Our cantaloupes are in now–coming in faster than we can get rid of them.
We grow the old Hale’s Best variety, a sweet heirloom. We let the melons fully ripen on the vine and we pick them full slip, when the stems just fall off when the melon is lifted. It’s sad how few people have had the pleasure of eating a full slip heirloom melon. Notice how little rind is on this melon.
Of course we and our CSA members are enjoying the melons. We’ve also been privileged to give lots of them away. Our pigs and chickens love it when we have some that are going soft.
Here’s a little trivia. What we call “cantaloupes” in this country (including the melons we grow) are actually muskmelons. True cantaloupes aren’t grown in the U.S. I don’t know how the word “cantaloupe” came to replace muskmelon. My Grandpa always called them muskmelons (though it sounded like he was saying “mushmelons”). I suspect someone decided “cantaloupe” was more appetizing that “muskmelon,” just as “canola” replaced “rape.”
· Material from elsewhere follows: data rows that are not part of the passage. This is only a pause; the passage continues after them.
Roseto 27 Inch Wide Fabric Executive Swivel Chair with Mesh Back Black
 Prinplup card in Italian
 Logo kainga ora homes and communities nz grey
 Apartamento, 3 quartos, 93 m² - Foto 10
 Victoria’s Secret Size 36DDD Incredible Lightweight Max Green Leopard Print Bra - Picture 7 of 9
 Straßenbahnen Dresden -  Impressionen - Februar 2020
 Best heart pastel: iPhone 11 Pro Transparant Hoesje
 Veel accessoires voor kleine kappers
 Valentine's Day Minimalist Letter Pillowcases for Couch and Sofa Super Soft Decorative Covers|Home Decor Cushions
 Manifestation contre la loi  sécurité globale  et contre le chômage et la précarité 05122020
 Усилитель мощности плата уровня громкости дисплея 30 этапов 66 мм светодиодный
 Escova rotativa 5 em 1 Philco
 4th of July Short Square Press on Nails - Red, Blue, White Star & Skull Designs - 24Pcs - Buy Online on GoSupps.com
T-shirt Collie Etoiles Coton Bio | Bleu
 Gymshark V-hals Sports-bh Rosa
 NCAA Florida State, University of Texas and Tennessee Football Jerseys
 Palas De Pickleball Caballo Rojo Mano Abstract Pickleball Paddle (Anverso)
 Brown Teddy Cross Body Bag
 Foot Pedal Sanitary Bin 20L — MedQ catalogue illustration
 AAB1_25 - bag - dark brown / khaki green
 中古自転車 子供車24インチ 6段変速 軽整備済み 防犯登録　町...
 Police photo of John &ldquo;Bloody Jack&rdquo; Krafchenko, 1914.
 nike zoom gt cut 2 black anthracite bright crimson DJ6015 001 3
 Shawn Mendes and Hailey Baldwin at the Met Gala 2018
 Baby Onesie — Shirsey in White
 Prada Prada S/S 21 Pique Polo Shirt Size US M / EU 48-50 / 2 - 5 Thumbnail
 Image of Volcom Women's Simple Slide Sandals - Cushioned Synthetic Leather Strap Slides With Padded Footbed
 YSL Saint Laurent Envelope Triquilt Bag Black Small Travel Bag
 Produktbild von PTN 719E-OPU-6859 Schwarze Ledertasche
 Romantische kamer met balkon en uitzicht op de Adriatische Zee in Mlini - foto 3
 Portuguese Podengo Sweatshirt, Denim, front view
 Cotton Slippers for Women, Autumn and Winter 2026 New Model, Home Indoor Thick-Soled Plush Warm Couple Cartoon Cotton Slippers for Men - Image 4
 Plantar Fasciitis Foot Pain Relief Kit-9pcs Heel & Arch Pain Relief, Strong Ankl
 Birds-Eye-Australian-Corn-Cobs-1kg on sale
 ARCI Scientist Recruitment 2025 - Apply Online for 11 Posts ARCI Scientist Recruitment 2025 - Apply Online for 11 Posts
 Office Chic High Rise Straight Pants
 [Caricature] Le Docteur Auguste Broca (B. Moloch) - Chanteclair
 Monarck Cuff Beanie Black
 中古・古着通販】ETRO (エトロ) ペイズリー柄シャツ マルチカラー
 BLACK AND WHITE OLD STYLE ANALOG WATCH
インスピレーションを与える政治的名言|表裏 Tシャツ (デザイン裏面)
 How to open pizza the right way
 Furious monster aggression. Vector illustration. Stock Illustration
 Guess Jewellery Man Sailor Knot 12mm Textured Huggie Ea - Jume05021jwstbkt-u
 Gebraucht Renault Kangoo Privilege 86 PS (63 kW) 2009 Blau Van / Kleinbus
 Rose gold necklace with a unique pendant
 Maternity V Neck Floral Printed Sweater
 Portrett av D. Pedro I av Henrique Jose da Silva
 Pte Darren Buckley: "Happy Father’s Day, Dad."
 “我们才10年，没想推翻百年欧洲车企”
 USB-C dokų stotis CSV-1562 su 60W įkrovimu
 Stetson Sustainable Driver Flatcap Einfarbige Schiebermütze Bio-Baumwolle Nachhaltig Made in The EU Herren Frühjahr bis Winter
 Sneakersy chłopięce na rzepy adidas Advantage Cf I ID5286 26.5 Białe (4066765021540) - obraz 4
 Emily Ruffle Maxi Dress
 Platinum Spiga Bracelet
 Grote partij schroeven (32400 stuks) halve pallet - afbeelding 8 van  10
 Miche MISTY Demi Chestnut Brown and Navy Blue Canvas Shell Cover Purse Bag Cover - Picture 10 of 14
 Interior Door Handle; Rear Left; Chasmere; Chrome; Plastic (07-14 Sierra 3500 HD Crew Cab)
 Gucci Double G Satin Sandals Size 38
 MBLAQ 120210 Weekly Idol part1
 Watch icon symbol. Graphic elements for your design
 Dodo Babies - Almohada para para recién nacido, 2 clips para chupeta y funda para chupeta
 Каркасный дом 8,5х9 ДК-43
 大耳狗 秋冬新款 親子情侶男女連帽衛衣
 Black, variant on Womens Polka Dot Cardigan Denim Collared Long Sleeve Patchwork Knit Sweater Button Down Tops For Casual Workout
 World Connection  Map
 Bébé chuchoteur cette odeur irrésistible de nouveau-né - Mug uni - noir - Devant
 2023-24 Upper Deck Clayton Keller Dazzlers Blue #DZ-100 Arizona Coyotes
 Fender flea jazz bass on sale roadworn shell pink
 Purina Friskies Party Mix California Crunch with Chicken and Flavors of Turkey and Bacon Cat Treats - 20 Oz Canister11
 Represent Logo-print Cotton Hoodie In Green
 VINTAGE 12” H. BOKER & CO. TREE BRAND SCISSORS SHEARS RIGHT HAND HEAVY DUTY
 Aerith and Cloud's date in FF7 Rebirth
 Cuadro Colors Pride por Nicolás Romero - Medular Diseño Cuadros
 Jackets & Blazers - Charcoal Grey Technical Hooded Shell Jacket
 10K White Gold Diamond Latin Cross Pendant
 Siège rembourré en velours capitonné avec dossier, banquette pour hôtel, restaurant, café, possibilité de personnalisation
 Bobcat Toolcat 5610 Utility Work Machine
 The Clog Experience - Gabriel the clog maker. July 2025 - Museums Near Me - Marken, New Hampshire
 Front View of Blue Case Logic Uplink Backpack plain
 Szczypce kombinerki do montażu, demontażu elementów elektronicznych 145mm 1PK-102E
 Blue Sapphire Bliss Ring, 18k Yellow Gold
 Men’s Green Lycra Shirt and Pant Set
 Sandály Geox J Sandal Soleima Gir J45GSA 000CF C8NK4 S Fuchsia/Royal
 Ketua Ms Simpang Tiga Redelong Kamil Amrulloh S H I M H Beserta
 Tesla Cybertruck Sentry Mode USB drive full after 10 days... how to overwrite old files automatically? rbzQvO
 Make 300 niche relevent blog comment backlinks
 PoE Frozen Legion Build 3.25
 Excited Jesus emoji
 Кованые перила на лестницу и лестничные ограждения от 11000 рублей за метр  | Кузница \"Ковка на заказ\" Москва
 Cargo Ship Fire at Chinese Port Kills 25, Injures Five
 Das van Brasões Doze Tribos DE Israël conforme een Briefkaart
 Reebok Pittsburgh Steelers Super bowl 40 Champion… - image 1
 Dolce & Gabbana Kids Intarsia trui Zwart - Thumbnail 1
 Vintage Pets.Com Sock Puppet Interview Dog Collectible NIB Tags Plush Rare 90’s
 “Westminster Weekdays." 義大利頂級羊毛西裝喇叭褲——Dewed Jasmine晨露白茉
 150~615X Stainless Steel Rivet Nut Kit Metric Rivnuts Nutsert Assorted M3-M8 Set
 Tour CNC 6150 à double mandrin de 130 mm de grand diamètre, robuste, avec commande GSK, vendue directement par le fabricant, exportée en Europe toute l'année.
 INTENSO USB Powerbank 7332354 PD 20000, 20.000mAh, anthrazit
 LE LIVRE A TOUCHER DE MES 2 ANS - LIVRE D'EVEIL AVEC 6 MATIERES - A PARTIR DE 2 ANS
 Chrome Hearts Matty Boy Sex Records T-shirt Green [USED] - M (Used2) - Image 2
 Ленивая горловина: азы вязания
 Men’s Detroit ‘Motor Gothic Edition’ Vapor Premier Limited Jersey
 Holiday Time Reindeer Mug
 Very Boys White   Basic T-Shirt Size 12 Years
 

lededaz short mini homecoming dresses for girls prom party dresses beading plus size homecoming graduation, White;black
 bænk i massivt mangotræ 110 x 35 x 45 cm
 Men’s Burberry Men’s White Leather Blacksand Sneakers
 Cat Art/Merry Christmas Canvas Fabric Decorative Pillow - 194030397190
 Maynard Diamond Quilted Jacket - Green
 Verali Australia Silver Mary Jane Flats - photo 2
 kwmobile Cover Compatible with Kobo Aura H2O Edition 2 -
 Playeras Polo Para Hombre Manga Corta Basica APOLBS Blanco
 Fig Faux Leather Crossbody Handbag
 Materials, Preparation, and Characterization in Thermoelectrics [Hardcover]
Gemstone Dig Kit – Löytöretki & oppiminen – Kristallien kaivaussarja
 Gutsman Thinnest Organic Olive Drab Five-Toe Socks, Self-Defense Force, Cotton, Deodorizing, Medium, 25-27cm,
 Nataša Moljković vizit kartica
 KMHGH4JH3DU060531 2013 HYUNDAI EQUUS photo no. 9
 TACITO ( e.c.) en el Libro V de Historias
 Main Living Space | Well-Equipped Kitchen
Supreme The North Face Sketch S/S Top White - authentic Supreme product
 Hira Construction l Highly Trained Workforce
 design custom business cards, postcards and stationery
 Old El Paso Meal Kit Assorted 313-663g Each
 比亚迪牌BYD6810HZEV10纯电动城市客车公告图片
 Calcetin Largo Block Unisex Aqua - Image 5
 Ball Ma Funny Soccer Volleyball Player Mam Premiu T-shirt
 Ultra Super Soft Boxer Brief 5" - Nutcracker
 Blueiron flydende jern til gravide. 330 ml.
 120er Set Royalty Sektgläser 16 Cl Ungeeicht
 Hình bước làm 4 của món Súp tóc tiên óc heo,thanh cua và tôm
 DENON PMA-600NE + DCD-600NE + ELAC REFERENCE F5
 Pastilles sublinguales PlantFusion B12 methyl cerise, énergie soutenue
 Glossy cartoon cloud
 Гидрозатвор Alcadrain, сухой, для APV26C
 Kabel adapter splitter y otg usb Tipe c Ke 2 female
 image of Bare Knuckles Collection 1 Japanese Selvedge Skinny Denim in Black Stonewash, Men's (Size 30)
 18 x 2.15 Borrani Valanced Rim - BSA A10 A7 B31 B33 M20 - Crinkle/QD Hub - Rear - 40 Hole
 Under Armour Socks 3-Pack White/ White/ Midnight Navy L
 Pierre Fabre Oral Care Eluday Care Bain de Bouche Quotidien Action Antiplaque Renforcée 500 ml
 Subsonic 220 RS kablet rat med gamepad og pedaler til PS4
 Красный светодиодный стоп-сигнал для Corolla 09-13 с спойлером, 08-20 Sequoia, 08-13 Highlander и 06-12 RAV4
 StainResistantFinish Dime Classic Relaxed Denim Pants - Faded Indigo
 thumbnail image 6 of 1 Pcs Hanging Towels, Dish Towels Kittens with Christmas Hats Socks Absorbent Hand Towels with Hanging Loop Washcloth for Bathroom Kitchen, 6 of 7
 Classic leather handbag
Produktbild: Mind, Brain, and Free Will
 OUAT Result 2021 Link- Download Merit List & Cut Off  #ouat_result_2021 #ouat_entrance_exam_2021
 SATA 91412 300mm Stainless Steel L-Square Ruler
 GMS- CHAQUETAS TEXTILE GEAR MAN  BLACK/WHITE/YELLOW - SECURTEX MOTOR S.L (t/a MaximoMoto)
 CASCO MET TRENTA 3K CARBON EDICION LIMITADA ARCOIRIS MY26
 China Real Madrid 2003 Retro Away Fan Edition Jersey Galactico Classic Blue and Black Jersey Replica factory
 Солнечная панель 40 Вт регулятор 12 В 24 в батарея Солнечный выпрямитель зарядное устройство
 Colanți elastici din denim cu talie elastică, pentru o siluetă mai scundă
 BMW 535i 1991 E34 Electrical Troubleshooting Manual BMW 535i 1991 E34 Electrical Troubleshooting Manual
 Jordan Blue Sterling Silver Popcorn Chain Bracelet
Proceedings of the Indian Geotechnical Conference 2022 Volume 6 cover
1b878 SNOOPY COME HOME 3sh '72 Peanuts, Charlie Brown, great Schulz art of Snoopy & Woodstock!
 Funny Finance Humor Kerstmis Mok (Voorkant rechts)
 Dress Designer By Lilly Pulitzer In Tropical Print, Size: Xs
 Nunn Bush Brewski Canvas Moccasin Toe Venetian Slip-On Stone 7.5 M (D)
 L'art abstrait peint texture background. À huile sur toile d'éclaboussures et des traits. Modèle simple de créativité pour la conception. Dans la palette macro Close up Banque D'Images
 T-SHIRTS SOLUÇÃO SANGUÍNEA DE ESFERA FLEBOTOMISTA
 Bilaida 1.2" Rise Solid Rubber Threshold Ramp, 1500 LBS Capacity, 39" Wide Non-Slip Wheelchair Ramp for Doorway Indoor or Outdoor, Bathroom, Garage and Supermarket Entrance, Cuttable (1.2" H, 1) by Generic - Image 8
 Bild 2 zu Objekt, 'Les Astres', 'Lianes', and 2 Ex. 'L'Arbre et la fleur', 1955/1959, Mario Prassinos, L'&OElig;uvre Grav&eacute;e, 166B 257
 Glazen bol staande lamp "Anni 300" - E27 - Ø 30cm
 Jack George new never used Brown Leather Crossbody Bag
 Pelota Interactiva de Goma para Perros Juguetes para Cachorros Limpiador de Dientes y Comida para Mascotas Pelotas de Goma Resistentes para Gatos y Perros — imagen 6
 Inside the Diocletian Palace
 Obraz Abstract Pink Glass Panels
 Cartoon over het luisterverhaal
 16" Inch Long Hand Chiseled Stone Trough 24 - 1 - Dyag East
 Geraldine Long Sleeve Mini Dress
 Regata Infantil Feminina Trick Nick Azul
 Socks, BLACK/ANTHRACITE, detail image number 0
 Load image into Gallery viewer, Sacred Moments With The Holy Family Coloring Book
In any event, our cantaloupes/muskmelons are delicious this year. I encourage everyone to get out to your local farmer’s market and try to find some. Ask specifically for the Hale’s Best variety.
I’m looking out the window at 5 young wild turkeys walking around in the pasture and realizing it’s time for me to get off the computer and go pick cantaloupes.
Back when I posted frequently about politics and economics I had a lot more regular readers of this blog. But a trip to Haiti, and a lot of personal reflection and life-change, convinced me to turn my back on that stuff. For the past few years I try (not always successfully) to avoid political subjects on this blog. I don’t regret that at all.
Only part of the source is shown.